13 Pitfalls to Avoid When Acquiring an Order Management System
10. Not doing true due diligence. Partnering with a vendor is a lot like getting married. However, you’re not marrying just a person but an entire “family” of vendor managers, vendor programmers and other users. Every family is a bit dysfunctional (read: no system is perfect). Can you live with this family’s particular issues?
11. Not leaving enough time for testing. I’ve already discussed the timeline, but this deserves a special mention. If your timeline has slipped, implementation is where you’re going to cut the biggest corners. Don’t do it! What good is implementing a broken system?
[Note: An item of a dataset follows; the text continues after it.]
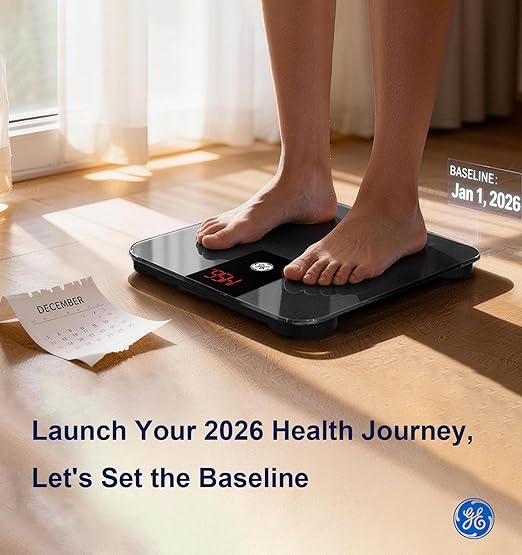 GE Bathroom Scale for Body Weight, Digital Weight Scales 500lb Heavy Duty - Image 2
Virtually every system has to go through a shakeout period in which you ascertain how your data are going to work in the new environment. There will be some nasty surprises, and hopefully they easily can be fixed. But be sure those surprises occur during your carefully managed testing phase, not during the first few months after you’ve gone live.
Also, resist the temptation to run your new system in tandem with your old one. (That’s a story for another time.) Rather, test, test and test some more; then cut over cleanly to your new system when it’s ready to bear the load.
12. Not doing enough training. When the testing is done, let the training begin. What? No time for training?
If you think your staff can undergo “sink or swim” training, be prepared for a lot of drowning. A week or two of solid orientation, careful instruction and practice is crucial to making the implementation a success.
13. Not treating this as an evolving process. Finally — and this may be the most difficult to avoid — you can’t pull all this off in a bubble. Life goes on while you’re undertaking your system project. By the time you get the system running, chances are your company will be different from what it was when the project began. The week after you go live, you’ll see the system in a new light anyway.